Se reavivó, pues, la polémica, y añejas amistades se malquistaron, se enrarecieron noviazgos, la cizaña se instaló en muchas familias, algún partido político sufrió cismas insolubles y respetables ciudadanos perdieron los papeles en la tribuna y en la prensa, descendiendo con frecuencia a terrenos bochornosos. La palestra periodística se abrió como las aguas del Mar Rojo: a un lado los del Apagador, al otro los de El Musel. En los casos más extremos, algunos honorables gijoneses incluso llegaron a las manos para solventar lo que la pluma no podía: mientras el reputado médico Octavio Bellmunt (apagadorista) llegó a ser agredido por un comunicado que se había insertado en el periódico de su dirección, el escritor Ataulfo Friera acabó emprendiéndola a bastonazos con la cara del droguero Eladio Carreño (hijo del médico homónimo y, como él, muselista). Tras ambos sucesos subyacían, en mayor o menor medida, las rencillas portuarias: ¿malos tiempos aquellos para las suspicacias!
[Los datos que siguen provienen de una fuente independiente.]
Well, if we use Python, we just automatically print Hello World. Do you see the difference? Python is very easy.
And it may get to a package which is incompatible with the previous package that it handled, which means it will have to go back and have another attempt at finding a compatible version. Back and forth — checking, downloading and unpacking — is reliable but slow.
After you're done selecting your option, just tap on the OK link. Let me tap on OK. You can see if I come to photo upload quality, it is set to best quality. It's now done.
Numerosas manifestaciones de la vida social gijonesa se vieron fuertemente mediatizadas por aquella envenenada atmósfera. Hablar de una ciudad «bipolar» no es ninguna metáfora: durante ciertos años, los del Ateneo Obrero no querían oír hablar del Círculo de Instrucción y Recreo, y viceversa; y muchos vecinos preferían el Teatro Jovellanos al de los Campos Elíseos; y mientras unos leían EL COMERCIO o el «Gijón», otros hacían lo propio con «El Fuete» o «El Porvenir»; y los republicanos federales de Pi y Margall y los de Martí-Miquel se detestaban entre sí; y entre los monárquicos de Álvaro Armada y los de Hilario Nava y Caveda mediaba un continuo despotricar; y en la masonería local el enfrentamiento entre Justo del Castillo y Francisco Pérez Carreño creaba escuela; y unos preferían comprar en el ultramarinos de fulano y otros en el de mengano; en tanto que los habituales de la tertulia de este café recelaban de los que iban a la de aquél; y en 1889, llegado el culmen del paroxismo, unos montaron el Círculo Muselista y los otros el Sport Club Apagadorista.
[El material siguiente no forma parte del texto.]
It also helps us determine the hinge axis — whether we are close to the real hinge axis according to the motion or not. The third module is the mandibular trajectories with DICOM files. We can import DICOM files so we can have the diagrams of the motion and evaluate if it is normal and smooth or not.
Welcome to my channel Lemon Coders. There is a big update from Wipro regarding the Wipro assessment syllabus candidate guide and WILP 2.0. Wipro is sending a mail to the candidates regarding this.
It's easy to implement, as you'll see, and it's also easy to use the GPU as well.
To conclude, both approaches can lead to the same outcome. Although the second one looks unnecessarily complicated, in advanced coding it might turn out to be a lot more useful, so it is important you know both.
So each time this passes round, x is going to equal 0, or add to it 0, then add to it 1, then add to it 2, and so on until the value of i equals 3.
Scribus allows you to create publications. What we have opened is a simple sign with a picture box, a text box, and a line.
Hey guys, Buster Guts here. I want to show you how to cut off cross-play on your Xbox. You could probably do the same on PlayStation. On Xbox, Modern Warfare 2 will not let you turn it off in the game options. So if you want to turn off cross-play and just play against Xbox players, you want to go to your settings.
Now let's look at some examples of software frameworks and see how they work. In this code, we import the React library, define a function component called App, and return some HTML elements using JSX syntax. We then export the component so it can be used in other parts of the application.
Una cizaña de órdago, aquella de El Musel: unos de buena fe, otros conscientes de lo que les interesaba; unos jugando su modesta baza y otros funcionando como auténticos grupos de presión; estos a golpe de soborno -económico o moral- y aquellos a remolque de lo que garantizara el pan de sus familias. Para mayor confusión, no faltaron súbitos e imprevistos cambios de chaqueta. No vivir en Gijón y carecer de vínculo alguno con la villa parecía casi el único modo posible de sustraerse a la polaridad y permanecer neutral. Sólo después de que en 1889 un Real Decreto fallara definitivamente a favor de El Musel, los «ánimos portuarios» se irían calmando, pero eso sucedería ya a lo largo de los noventa, cuando problemas mayores -como la guerra en Cuba- se alzaban en el horizonte.